Con una sentenza pubblicata nei giorni scorsi, il Tribunale ha respinto il ricorso presentato dalla proprietaria del ristorante, confermando la piena legittimità dell’ordinanza del Comune di Nettuno che imponeva la rimozione della canna fumaria, ritenuta opera abusiva.
La canna fumaria “abusiva” del ristorante nel centro storico di Nettuno
La questione ruota intorno a un intervento edilizio eseguito in un edificio situato in una zona vincolata paesaggisticamente.
La titolare del ristorante aveva depositato nel 2022 una SCIA (Segnalazione Certificata di Inizio Attività) al Comune di Nettuno per sostituire una vecchia canna fumaria.
Tuttavia, durante un sopralluogo avvenuto nel settembre 2024, i tecnici comunali avevano accertato la presenza non solo della nuova installazione, ma anche della vecchia canna fumaria, ancora intatta.
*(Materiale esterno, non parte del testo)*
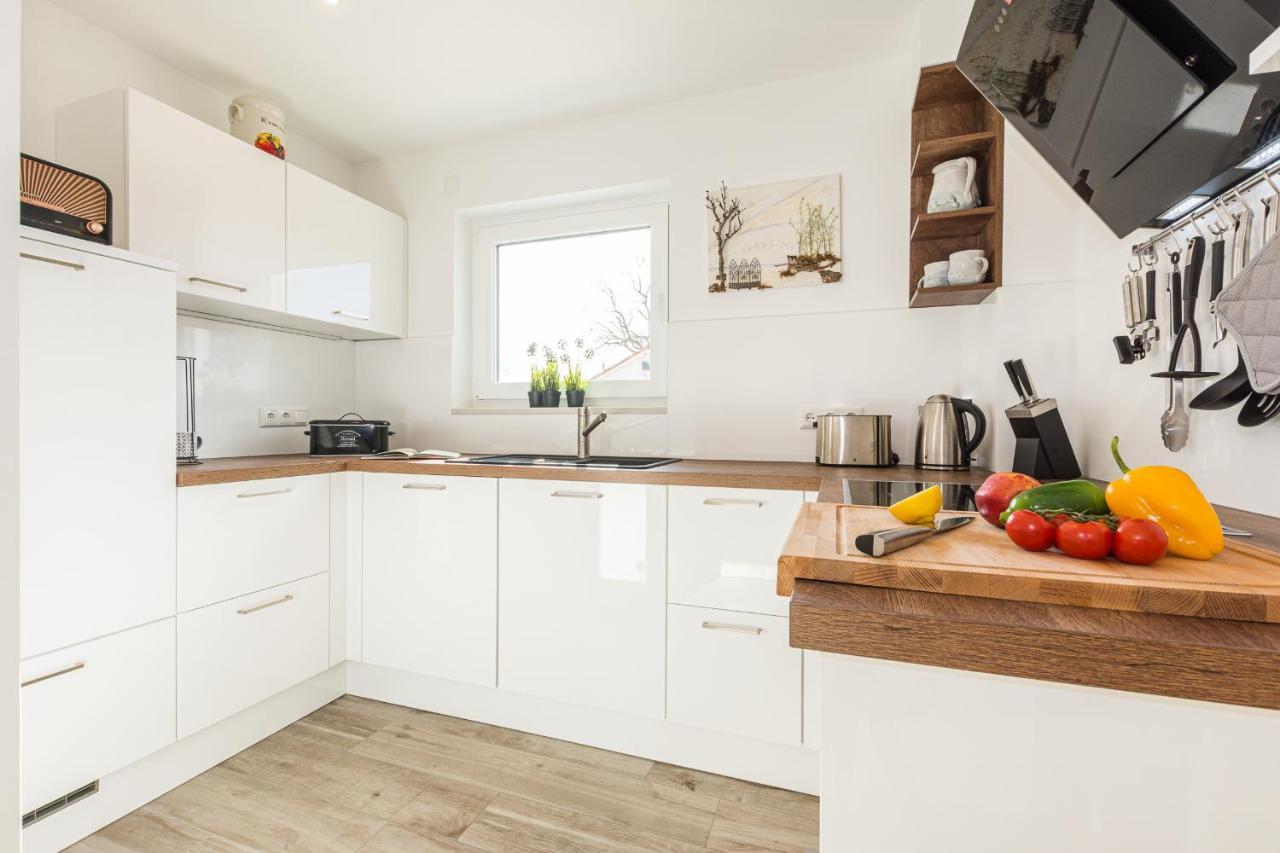Ferienhaus-See-Sauna-Kamin-Hund Mit E-Ladestation Krakow am See Dış mekan fotoğraf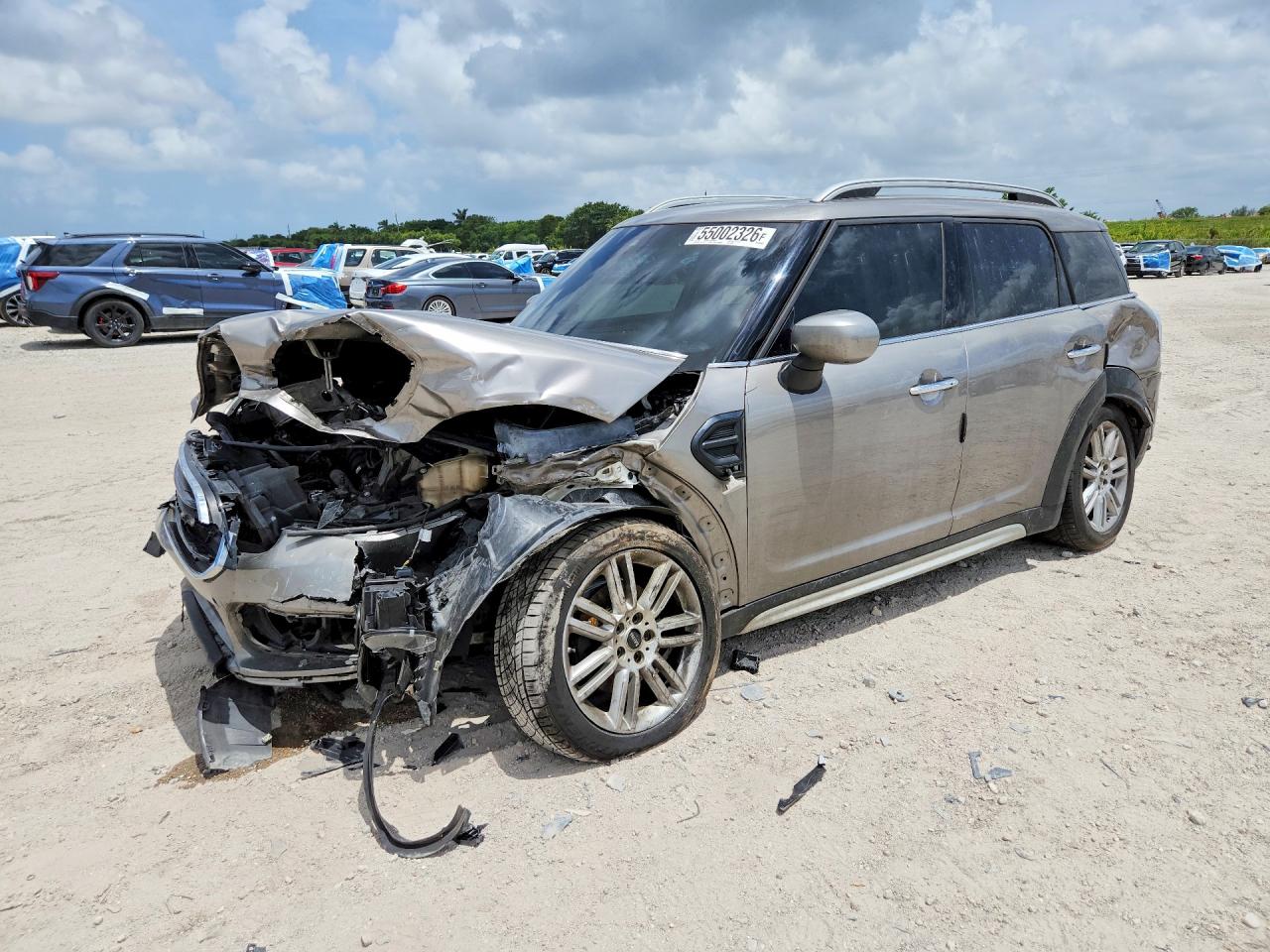 2020 MINI Countryman Cooper, VIN WMZYW3C00L3L09825 — Перед
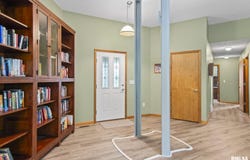 510 W ELM Street, Thayer, IL 62615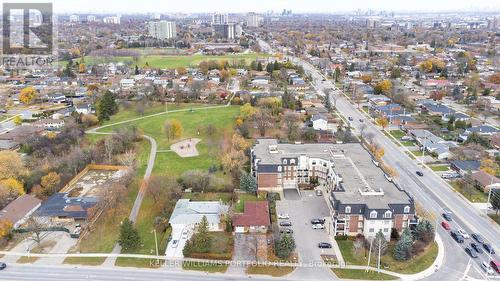 306 - 3351 Cawthra Road, Mississauga, ON - Outdoor With View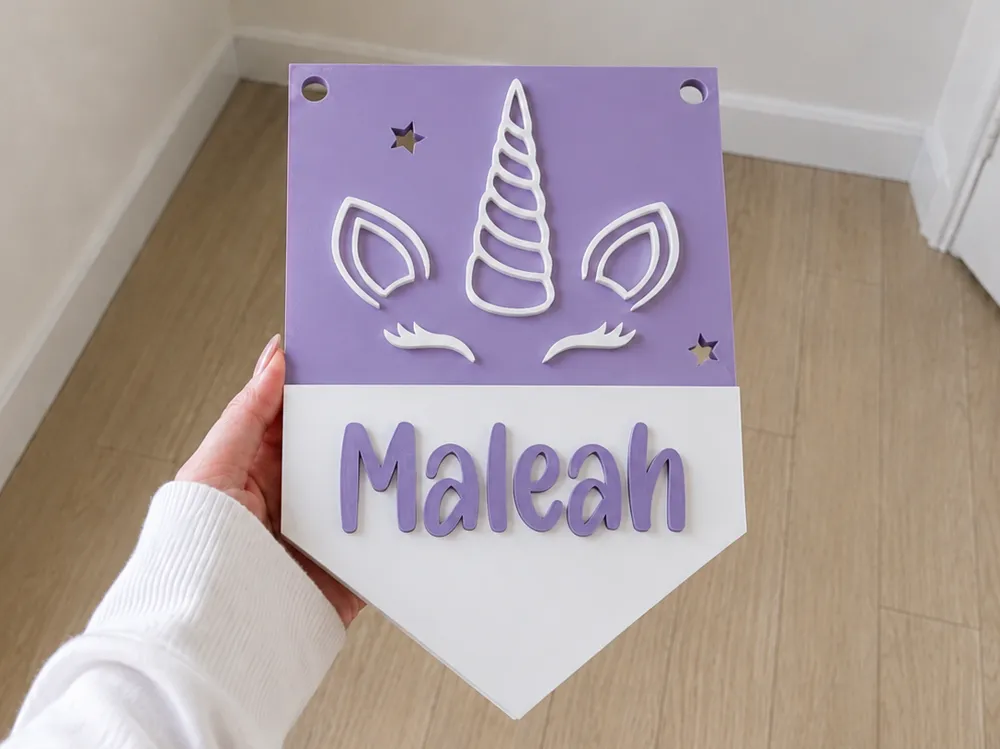 Letrero o emblema decorativo: Personalised Layered Unicorn Name Plaque. Referencia del modelo original.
Questo in palese contrasto con quanto dichiarato nella SCIA, che prevedeva esplicitamente una “sostituzione”.
Ma non è tutto. Gli ispettori avevano anche rilevato che la nuova canna fumaria presentava una curvatura non riportata nei progetti autorizzati. Entrambe le strutture inoltre non rispettavano le distanze minime dai fabbricati adiacenti, previste dal regolamento edilizio comunale.
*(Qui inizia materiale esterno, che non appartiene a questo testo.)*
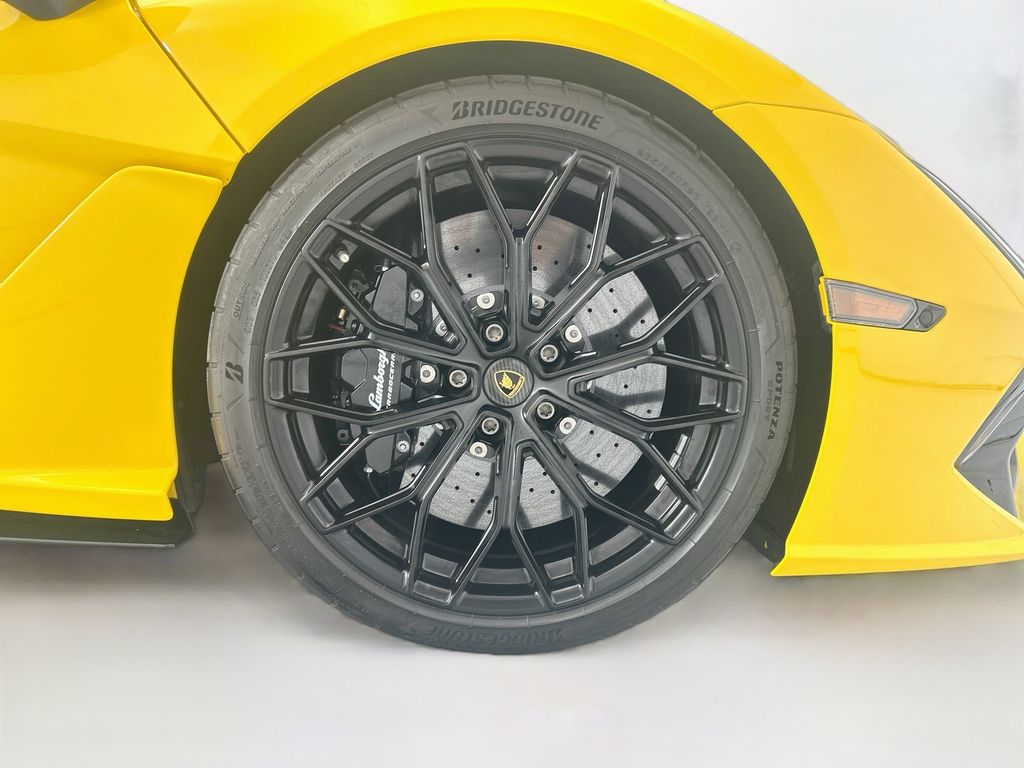 Thumbnail: 2024 Lamborghini  - 28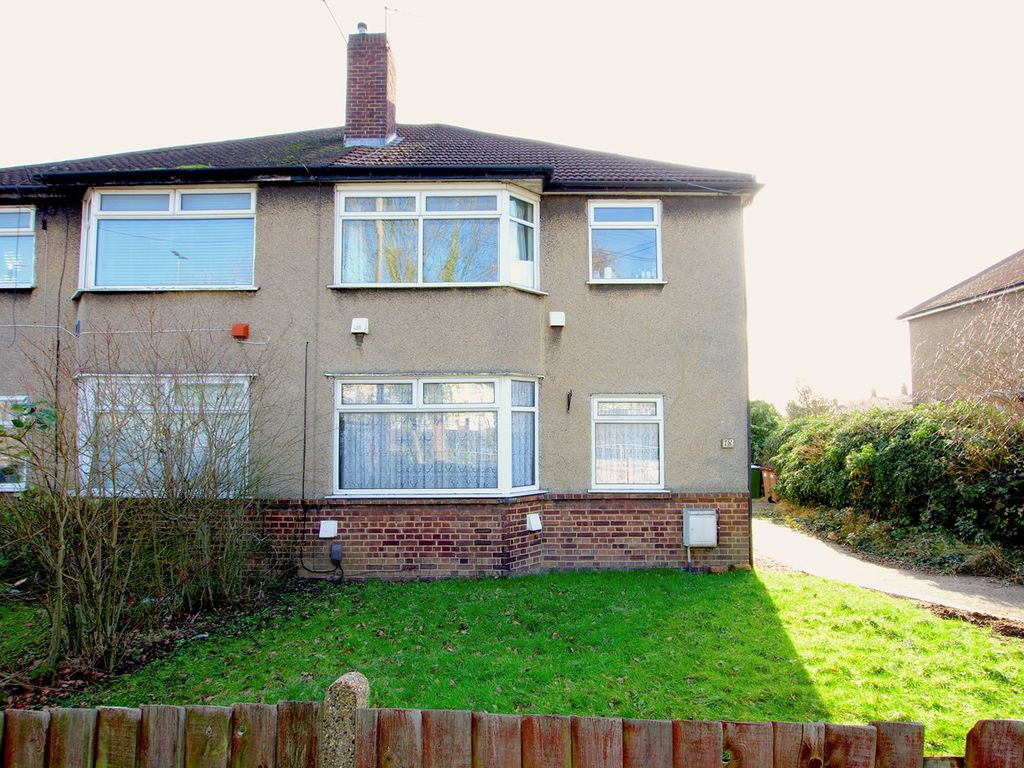 2 bed for sale in Park Mead, Sidcup DA15, £180,000 Zoopla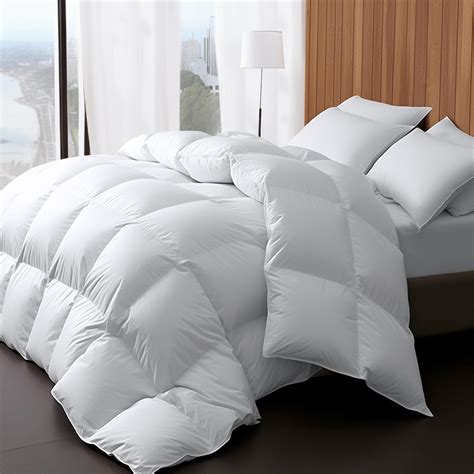 Amazon.com: Wellos Luxury Goose Feather Down Comforter Queen Size 850 ...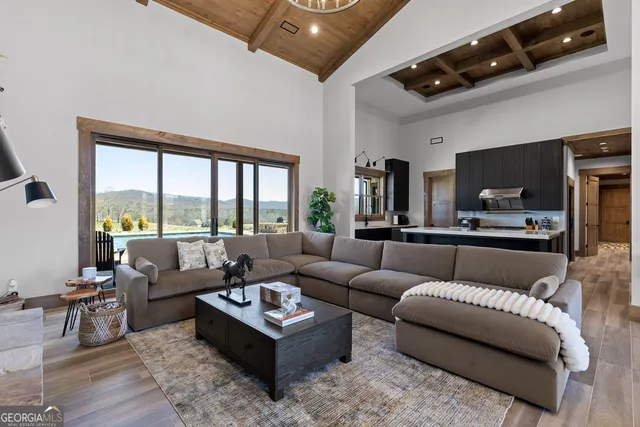 $2,250,000 | 84 Bravo Way, Talking Rock, GA 30175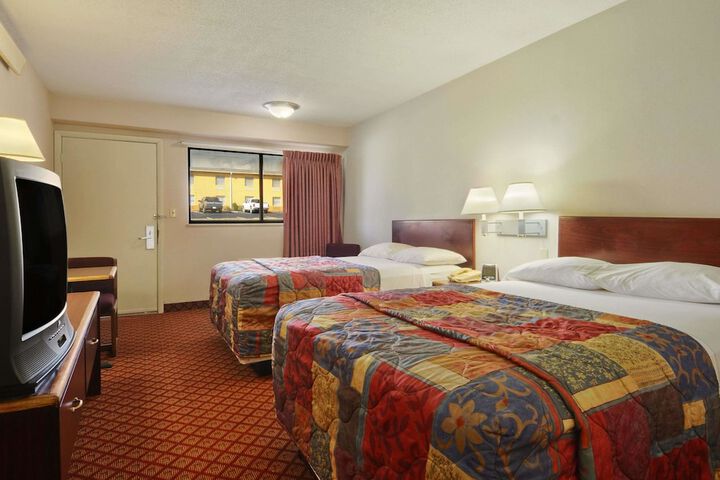 2 Double Beds (9 of 11)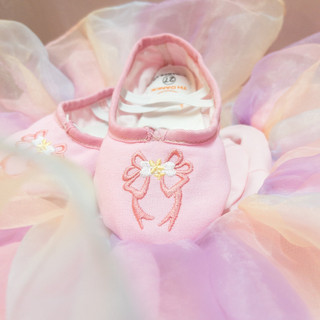 Giày múa ballet kids THGM01 ( mẫu ngẫu nhiên)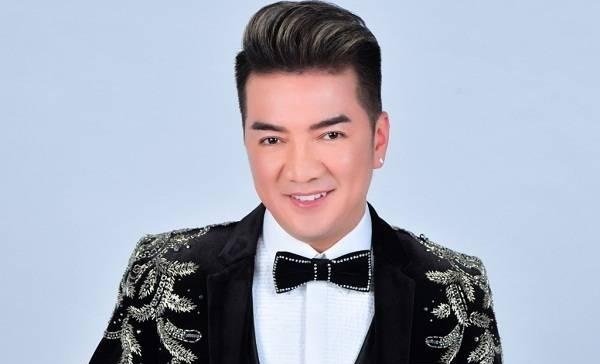 Đàm Vĩnh Hưng sinh năm 1971, được mệnh danh là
Da qui era scaturita la diffida del Comune, con l’ordine di rimozione immediata delle opere irregolari, motivata dalla violazione sia delle norme urbanistiche che di quelle in materia paesaggistica.
La guerra in tribunale
La proprietaria aveva impugnato il provvedimento. Sosteneva infatti che il Comune avrebbe dovuto comunicarle l’avvio del procedimento e che la curvatura era stata imposta proprio per rispettare prescrizioni paesaggistiche.
Tuttavia, il TAR ha respinto tutte le eccezioni. Il TAR ha precisato che non si trattava di un annullamento in autotutela della SCIA, bensì di un legittimo esercizio del potere di vigilanza edilizia da parte dell’amministrazione comunale.
Il Tribunale ha inoltre evidenziato come la modifica al progetto non fosse stata comunicata tramite una variante, come invece richiesto dalla normativa. Inoltre anche sotto il profilo paesaggistico l’opera risultava difforme da quanto autorizzato.
In mancanza di una specifica richiesta di sanatoria postuma, ha concluso il TAR, il Comune era pienamente legittimato a ordinare il ripristino dello stato dei luoghi.
La sentenza si chiude con la condanna della parte ricorrente al pagamento delle spese legali.